O post que escrevi ontem a propósito da morte de José Hermano Saraiva destacou aspetos que se completam no que representou a sua vida como homem público: a enorme popularidade que colhia como comunicador, a forma como a maioria dos historiadores o não considerava um dos seus, a maneira como ainda assim contribuiu para uma valorização popular da História, sem esquecer o percurso como quadro do Estado Novo e defensor do legado de Salazar. Ficou no entanto por comentar um aspeto importante: o que determinou uma popularidade tão grande que agora, na hora do seu desaparecimento, tantas pessoas que não serão propriamente adeptas do anterior regime se indispõem com as críticas, mais do que legítimas, mais do que necessárias, que lhe são feitas?

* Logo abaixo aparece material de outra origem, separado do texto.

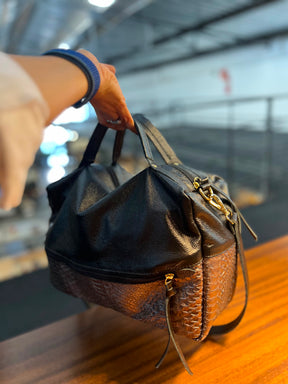 Bolsa SAVANA em couro legítimo de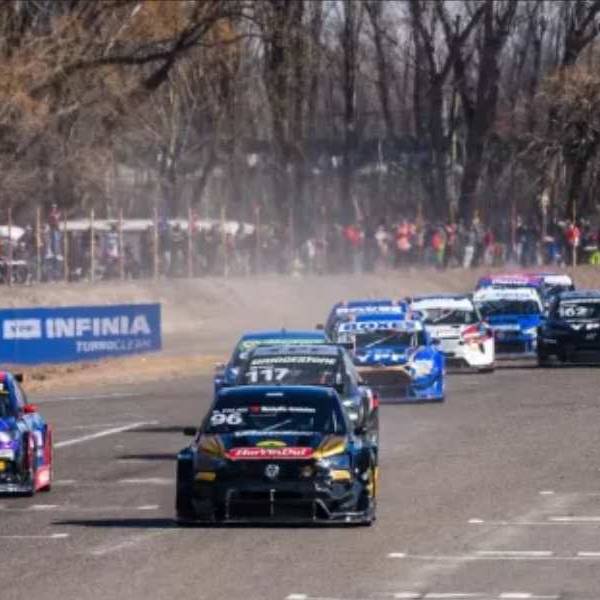 La carrera del TC2000 ya se palpita en Salta con una gran presentación de los autos en la plaza 9 de Julio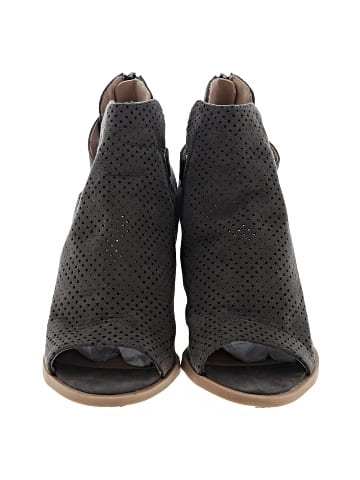 Express Sandals (view 2)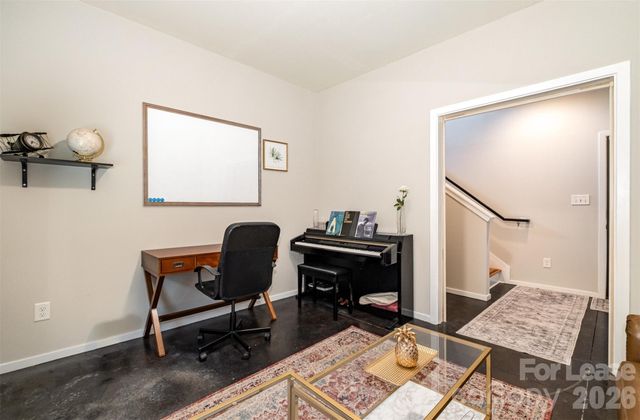 925 Westbrook Drive B, Charlotte, NC 28202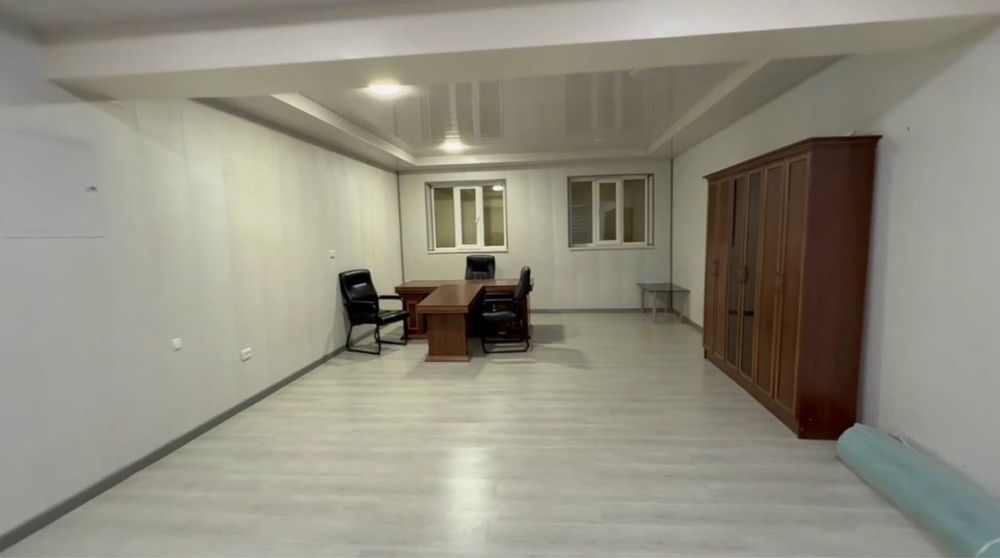 Думбирабад под офис цоклный этаж на фото нету ковры тоже поставит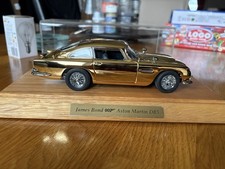 Danbury Mint James Bond 007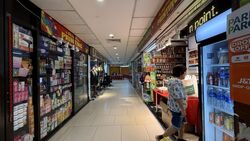 Lucky Plaza (D9), Retail #532532451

Refiro um episódio que me foi narrado por X., também ele historiador e figura pública. Encontrava-se ambos, JHS e X. numa tipografia, por causa da edição de livros nos quais colaboravam, quando tocou o telemóvel do primeiro. Este atendeu e de repente, tapando o microfone, disse isto: «Ouça lá, ó X., como hoje é Dia dos Namorados os tipos da rádio querem que eu fale em direto sobre a efeméride, mas eu não percebo patavina do tema. Você sabe alguma coisa sobre a origem do São Valentim?» «Eu também não sei nada, rigorosamente nada!», respondeu X. Ao que JHS retorquiu: «Deixe lá, eu trato do assunto!» E começou imediatamente um arrazoado de longos minutos que deixou X. chocado com a ligeireza mas admirado com a verve. Começava assim: «Naquele tempo, viviam na Antiga Roma dois belos enamorados…», e por ali afora, com a capacidade inventiva e enfática que se reconhecia ao professor. Muito provavelmente já a ser seguido por milhares de fascinados ouvintes que julgavam seguir em direto a voz autorizada do passado.

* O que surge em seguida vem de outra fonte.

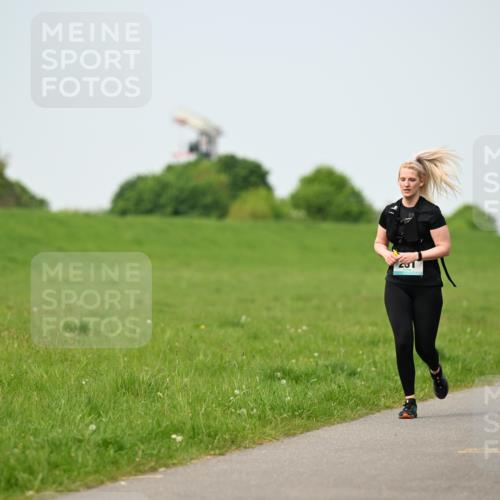 10.05.2026 - 8. Wedeler Halbmarathon Dr. Thomas Lammeyer http://msf.ph/oto/9709965 10.05.2026 12:04:06 Laufen 201 meine-sportfotos.de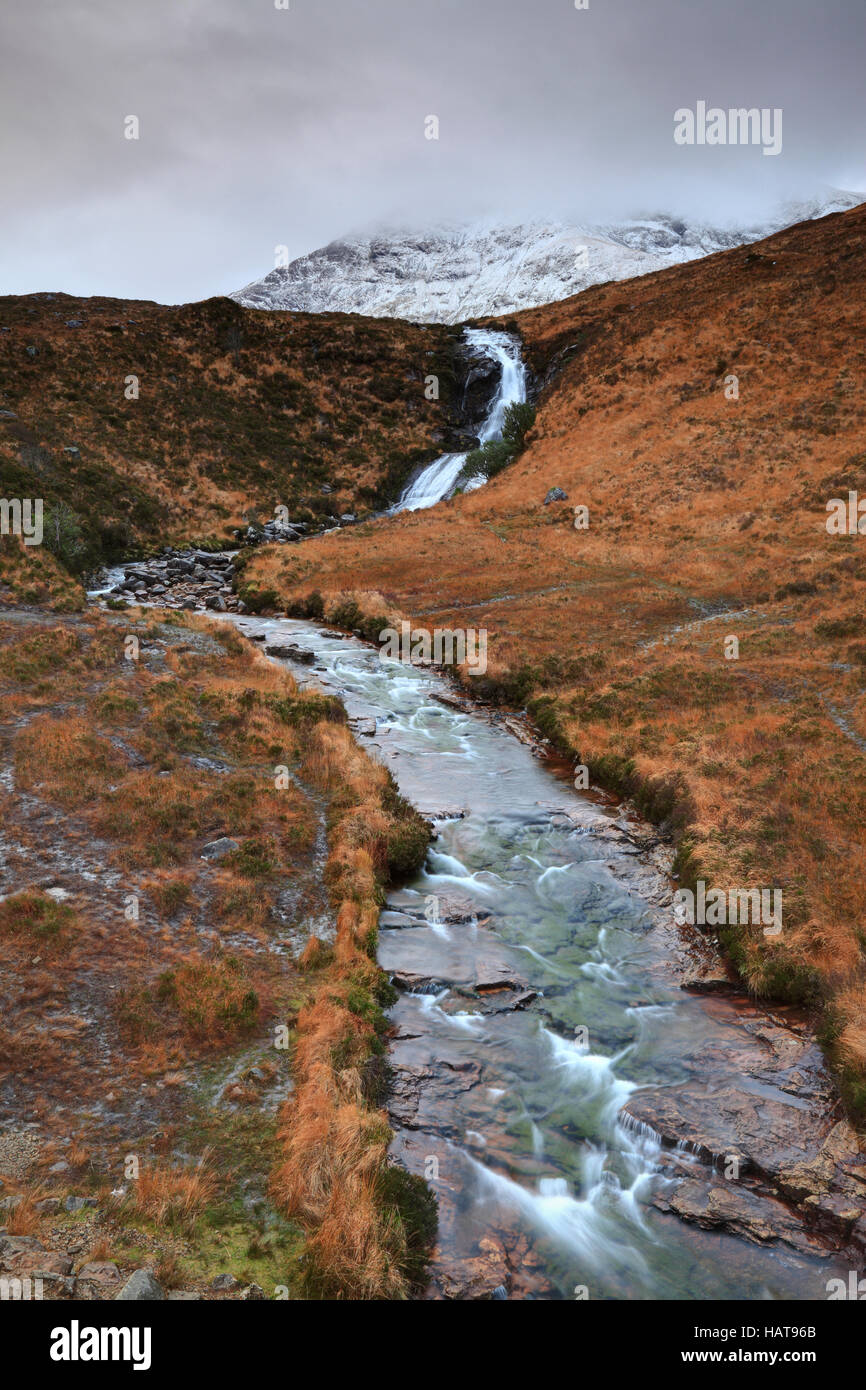 Cascata in inverno vicino Sligachan sull'Isola di Skye in Scozia Foto Stock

Este episódio destaca a capacidade de retórica e de efabulação que está na origem da enorme popularidade de JHS. Tinha um dom particular para a produção do romanesco, do maravilhoso e do quimérico do qual todos precisamos para nos sentirmos um pouco melhor com a vida. Muitos procuram obtê-lo através dos livros, do cinema, da viagem, mas a maioria contenta-se com uma história bem contada. E isso JHS sabia fazer muito bem. À sua maneira, claro: com a sua linguagem e os seus valores, sob uma perspetiva conservadora e respeitadora das hierarquias, sobretudo quando esta era facilmente enobrecida pela poeira do tempo. Mas fazia-o sem desfalecimento, com uma maestria fora do comum. E sabem que mais: muitas vezes, mesmo sabendo que tudo aquilo era inverosímil, inventado, delirante, marcado por uma conceção do passado que estava em condições de criticar, me deixei ficar preso à televisão, ouvindo aquelas fábulas como quem seguia um romance de aventuras. Todos gostamos que nos mintam se a mentira nos ajudar a romancear a vida. Se por instantes ela for o nosso ópio. Ainda que depois possamos acordar com uma valente dor de cabeça.